Monday April 22, 2002

So I should warn you off the bat I’m double-dipping: this has been posted as a response in an ongoing debate on coding over at alt.sex.stories.d (the d, you see, is for “discussion”). But it ended up being a reasonably good (I think) if strongly worded statement of why and how I’m coming to think what it is I’m coming to think on the subject, which pertains (quite a lot) to the idea of writing and reading and talking about pornography, so. I’ll strip out the unnecessary personal stuff (I like teasing my sparring partners in a debate; keeps things light-hearted and cheeky) and clean it up a little and hyperlink it a bit, and hey presto!

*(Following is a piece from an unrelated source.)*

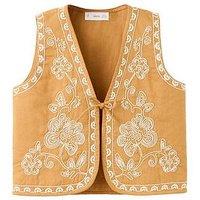 Mango Younger Girls Flower Waistcoat - Yellow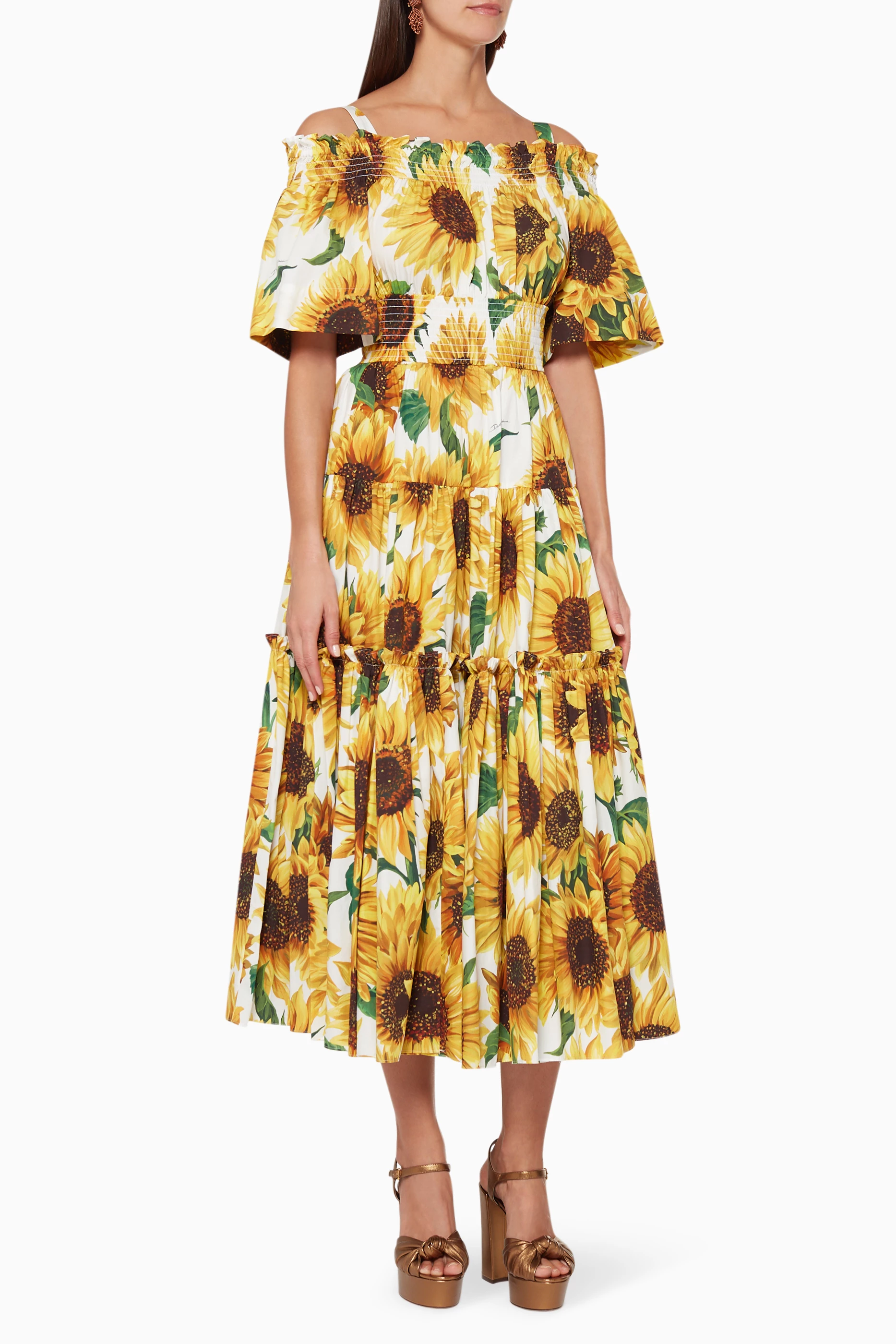 Dolce gabbana sunflower dress hotsell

A new entry, on-topic, with little muss. —Plus, it’s an ode to one of my favorite words. Added bonus.

First, a little background for those who may perhaps be unfamiliar with some of the conventions of freely distributed prose pornography on the internet: it’s a common enough practice to label or code the stories using a variety of abbreviations, some more self-explanatory than others, to both a) attract people who are drawn to whatever fetish or quirk is highlighted and b) warn away those who are repelled or squicked by what’s going to be indulged. An admirable intent, if somewhat clunky in practice: Mf teen rom is, perhaps, readily parseable (but! Is it Romeo & Juliet? Or Lolita?), but MmF FMg Mggg anal toy inc Fdom mc cbt is, if ridiculous on the face of it, nonetheless not too far off as an example of how good intentions (to say nothing of pornographic scenarios) can spiral out of control. —But that’s my opinion. Here’s the most comprehensive FAQ there is on parsing these codes, maintained by the redoutable Uther Pendragon; the FAQ on codes for authors covers much the same ground in more detail, with some attention paid to theory and practice.

But enough. Let’s give thanks to Frank Downey, whose post was the immediate spark and proximate cause, then rifle through for an appropriate quote from, oh, say, Susie Bright, and get this show on the road:

What a turn-off! I feel like I’m looking at a soup can. And it’s so disingenuous. If you see, “oh my goodness, this has a rape in it!” you get the thrill of being titillated and maybe simultaneously offended. Or maybe you just keep reading to see if it fulfills its dire warning.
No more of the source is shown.